**Saved entries:**
+-------+
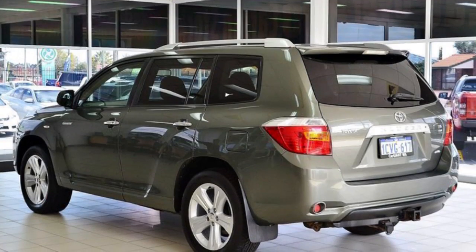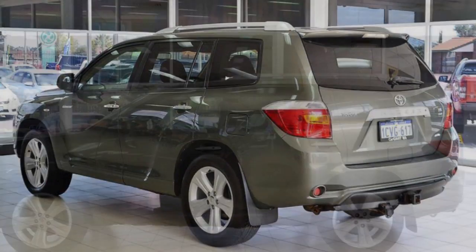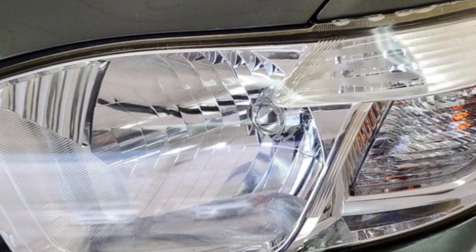Sunroof, cruise control, alloy wheels, air conditioning, power steering, climate control and more. If you're looking for a first-rate vehicle,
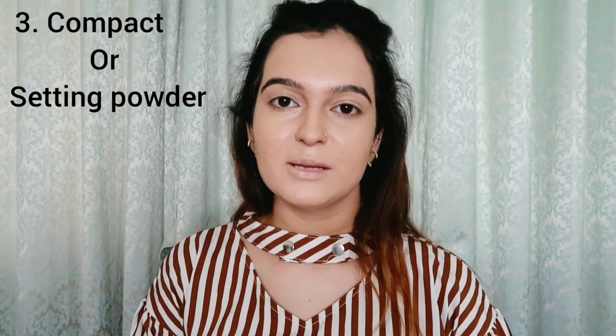The third product is a compact. I have a MAC compact and an affordable compact option as well. After applying foundation, it is very necessary to set it with compact powder. If you don't set your foundation, it will crease — especially around dark circles and fine lines. So I will compact it and set it up properly. Now see the difference — it is set and it's not going to crease.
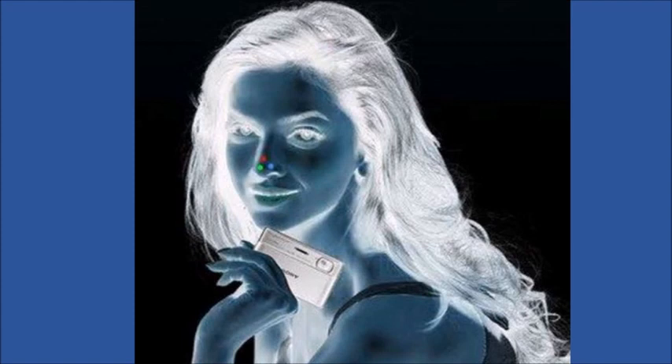Stare at the dots on the woman's nose for the next 20 seconds. Keep focusing on just the dots on her nose. Did you see it? Your brain keeps interpreting visual images for a few seconds, even after an image is gone.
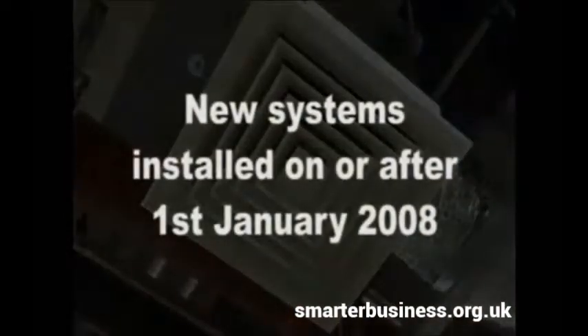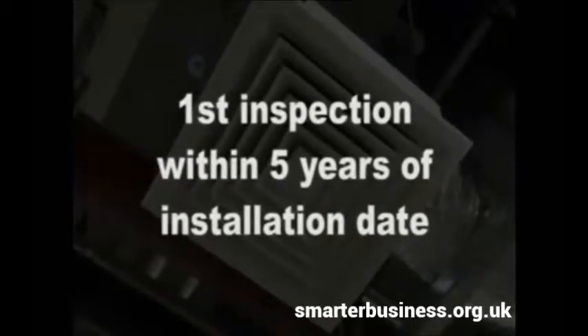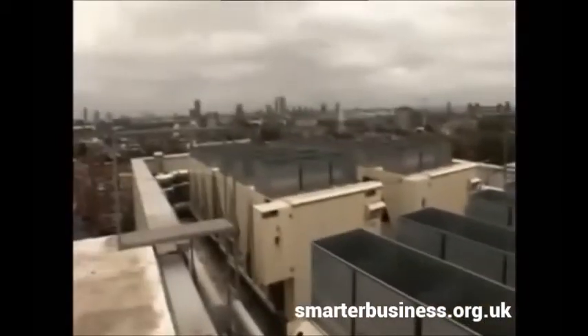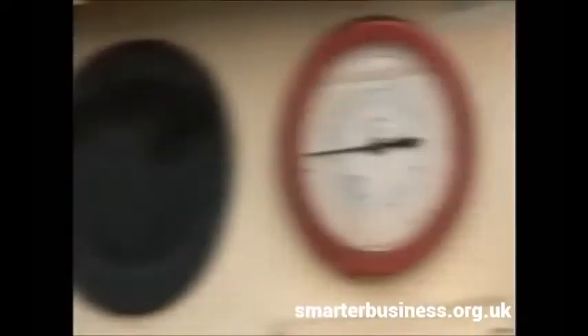For new systems installed on or after the 1st of January 2008, the first inspection must have taken place within 5 years of the installation date. The responsibility for arranging and ensuring that an inspection takes place will fall on the person who controls the operation of the system.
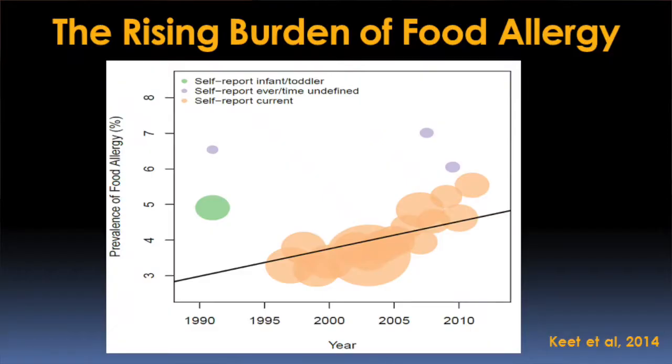Dietary factors like vitamin D and antioxidant exposures. But none of these really explain the dramatic rise in food allergy that we've seen in the last 20 years.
+-------+
**WHAT IS BEING ASKED:**
Leaving out any images, restate every record word for word.

**OUTPUT:**
Sunroof, cruise control, alloy wheels, air conditioning, power steering, climate control and more. If you're looking for a first-rate vehicle,
The third product is a compact. I have a MAC compact and an affordable compact option as well. After applying foundation, it is very necessary to set it with compact powder. If you don't set your foundation, it will crease — especially around dark circles and fine lines. So I will compact it and set it up properly. Now see the difference — it is set and it's not going to crease.
Stare at the dots on the woman's nose for the next 20 seconds. Keep focusing on just the dots on her nose. Did you see it? Your brain keeps interpreting visual images for a few seconds, even after an image is gone.
For new systems installed on or after the 1st of January 2008, the first inspection must have taken place within 5 years of the installation date. The responsibility for arranging and ensuring that an inspection takes place will fall on the person who controls the operation of the system.
Dietary factors like vitamin D and antioxidant exposures. But none of these really explain the dramatic rise in food allergy that we've seen in the last 20 years.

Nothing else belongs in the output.